Realistic Growth

Realistic Growth

As we look to achieve growth, are we being realistic?

Realistic Growth

92% of New Zealand CEO’s have confidence in global growth, as compared to a global average of 67%. However, there is a general lack of confidence as to how much of this will translate into growth in the New Zealand economy, with only 64% of New Zealand CEO’s expressing confidence in our outlook for the next three years.

See the full KPMG New Zealand CEO Outlook Survey

Recently released GDP numbers support this, with suggestions that the economy has lost some of its momentum in the March quarter. New Zealand CEOs expectations of growth within their own organisations have also reduced since the last survey, with most now forecasting less than 2% top line revenue growth over the next three years. This is a significant change since last year’s survey.

The survey highlights a return to territorialism as the greatest threat to growth, with nearly two thirds of New Zealand CEOs identifying this threat. Whilst this was mirrored globally to a lesser degree, New Zealand’s reliance on export led growth perhaps underpins why there is nervousness about how we share in global growth, particularly if there is a trade war between the US and China.

Cyber security and environmental/climate change were also identified as key risks to growth. Only 32% of New Zealand CEO’s see their organisations as well placed overall to withstand a cyber attack, when compared to their global counterparts (at just over 50%). Difficulty with sharing information securely with third parties was also perceived to be a barrier to extracting value from networks of third parties by a third of New Zealand CEO’s, much higher than the global average.

64% of CEO’s perceive that growth over the next three years will be harder earned than ever before, more than double the global average. The challenge of moving toward an agile business model and linking the growth strategy to wider societal purpose were two themes which underpinned the responses to this question.

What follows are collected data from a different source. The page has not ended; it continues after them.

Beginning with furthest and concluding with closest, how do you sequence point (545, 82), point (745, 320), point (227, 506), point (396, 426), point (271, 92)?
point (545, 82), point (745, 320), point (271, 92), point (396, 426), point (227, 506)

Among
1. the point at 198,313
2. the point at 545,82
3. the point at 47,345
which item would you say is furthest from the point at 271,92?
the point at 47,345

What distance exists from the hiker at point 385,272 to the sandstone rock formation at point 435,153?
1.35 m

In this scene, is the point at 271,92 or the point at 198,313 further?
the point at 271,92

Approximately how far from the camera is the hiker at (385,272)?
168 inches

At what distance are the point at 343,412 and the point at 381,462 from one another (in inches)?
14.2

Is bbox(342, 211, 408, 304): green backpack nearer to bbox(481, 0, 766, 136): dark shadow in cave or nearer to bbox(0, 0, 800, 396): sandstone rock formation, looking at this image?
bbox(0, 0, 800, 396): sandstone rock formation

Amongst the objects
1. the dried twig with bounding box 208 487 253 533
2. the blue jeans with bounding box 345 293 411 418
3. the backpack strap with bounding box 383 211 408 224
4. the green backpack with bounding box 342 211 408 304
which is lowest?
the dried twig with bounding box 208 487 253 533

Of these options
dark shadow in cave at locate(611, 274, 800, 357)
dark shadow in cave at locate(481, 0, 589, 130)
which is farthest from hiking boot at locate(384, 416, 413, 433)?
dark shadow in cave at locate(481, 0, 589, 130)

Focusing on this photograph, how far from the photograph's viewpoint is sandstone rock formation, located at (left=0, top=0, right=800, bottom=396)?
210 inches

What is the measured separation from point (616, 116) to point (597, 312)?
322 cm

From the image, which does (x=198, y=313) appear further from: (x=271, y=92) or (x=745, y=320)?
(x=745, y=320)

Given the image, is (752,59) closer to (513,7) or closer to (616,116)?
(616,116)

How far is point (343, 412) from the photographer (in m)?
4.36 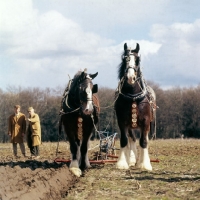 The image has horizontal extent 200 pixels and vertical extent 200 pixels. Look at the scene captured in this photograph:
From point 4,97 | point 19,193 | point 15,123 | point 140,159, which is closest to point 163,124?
point 4,97

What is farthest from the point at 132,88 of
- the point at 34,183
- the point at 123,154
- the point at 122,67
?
the point at 34,183

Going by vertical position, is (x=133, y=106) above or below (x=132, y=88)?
below


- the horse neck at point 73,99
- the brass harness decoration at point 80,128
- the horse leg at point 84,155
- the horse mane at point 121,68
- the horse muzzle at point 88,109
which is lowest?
the horse leg at point 84,155

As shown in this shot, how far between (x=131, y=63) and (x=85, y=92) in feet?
4.33

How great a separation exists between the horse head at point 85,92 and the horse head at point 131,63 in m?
0.79

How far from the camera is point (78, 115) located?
8.73 metres

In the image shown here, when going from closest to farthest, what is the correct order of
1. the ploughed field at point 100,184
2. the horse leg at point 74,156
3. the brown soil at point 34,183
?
1. the brown soil at point 34,183
2. the ploughed field at point 100,184
3. the horse leg at point 74,156

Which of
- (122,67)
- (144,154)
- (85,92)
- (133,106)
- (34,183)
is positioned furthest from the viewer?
(122,67)

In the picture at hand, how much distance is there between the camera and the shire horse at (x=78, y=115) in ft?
27.6

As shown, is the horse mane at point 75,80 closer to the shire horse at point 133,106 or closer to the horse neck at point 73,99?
the horse neck at point 73,99

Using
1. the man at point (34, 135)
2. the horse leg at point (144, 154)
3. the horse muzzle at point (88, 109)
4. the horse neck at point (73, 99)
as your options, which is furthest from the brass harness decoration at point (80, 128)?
the man at point (34, 135)

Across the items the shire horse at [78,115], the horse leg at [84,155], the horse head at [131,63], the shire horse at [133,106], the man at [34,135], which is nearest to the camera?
the shire horse at [78,115]

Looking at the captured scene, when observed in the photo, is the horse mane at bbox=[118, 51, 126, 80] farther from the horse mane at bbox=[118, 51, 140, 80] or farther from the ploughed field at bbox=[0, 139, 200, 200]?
the ploughed field at bbox=[0, 139, 200, 200]

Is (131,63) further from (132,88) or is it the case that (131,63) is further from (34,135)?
(34,135) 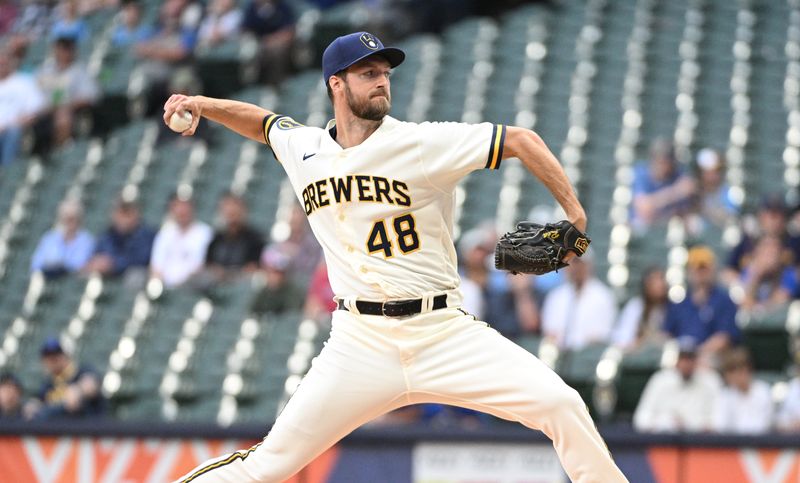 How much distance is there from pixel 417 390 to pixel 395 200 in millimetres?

Increased interest in integrated reporting across a number of leading New Zealand corporates is a positive step toward the challenge of dealing with the latter issue.

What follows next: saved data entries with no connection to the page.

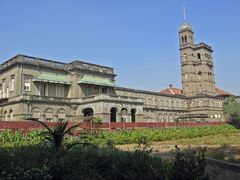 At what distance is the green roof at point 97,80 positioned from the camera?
41094mm

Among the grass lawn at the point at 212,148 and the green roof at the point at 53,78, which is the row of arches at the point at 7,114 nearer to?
the green roof at the point at 53,78

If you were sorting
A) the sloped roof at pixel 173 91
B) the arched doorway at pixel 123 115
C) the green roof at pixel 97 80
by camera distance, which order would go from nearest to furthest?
1. the arched doorway at pixel 123 115
2. the green roof at pixel 97 80
3. the sloped roof at pixel 173 91

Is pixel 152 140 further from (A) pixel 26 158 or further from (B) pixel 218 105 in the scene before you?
(B) pixel 218 105

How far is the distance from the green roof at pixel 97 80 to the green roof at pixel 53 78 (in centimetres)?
259

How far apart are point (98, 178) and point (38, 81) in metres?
33.5

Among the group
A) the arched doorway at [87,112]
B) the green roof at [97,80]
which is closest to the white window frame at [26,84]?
the green roof at [97,80]

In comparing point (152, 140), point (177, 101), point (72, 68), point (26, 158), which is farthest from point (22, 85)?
point (177, 101)

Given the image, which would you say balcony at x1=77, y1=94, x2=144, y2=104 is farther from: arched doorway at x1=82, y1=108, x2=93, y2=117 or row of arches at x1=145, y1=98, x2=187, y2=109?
row of arches at x1=145, y1=98, x2=187, y2=109

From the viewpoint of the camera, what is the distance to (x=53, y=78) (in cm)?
3847

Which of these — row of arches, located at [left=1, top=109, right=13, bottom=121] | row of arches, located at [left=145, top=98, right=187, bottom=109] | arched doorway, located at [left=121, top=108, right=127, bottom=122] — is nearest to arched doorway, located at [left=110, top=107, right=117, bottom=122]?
arched doorway, located at [left=121, top=108, right=127, bottom=122]

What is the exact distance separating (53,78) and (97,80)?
25.1 feet

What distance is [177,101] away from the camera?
64.9 metres

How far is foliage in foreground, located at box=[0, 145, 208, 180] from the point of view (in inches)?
211

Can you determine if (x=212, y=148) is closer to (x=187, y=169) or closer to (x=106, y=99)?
(x=187, y=169)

New Zealand’s CEO’s are conscious of the need to respond to change by fostering innovation and building agility but are equally conscious that the ability to achieve growth at scale in the domestic market is limited. Accordingly the combination of the domestic and global outlook means New Zealand’s CEOs are now looking for “realistic growth”.

Despite the rather sombre survey results, there are many positive stories in the New Zealand economy to be celebrated. The survey highlights that we are perhaps at a point of having to reconsider where we fit globally and how best to respond to the rate of change in technology and society.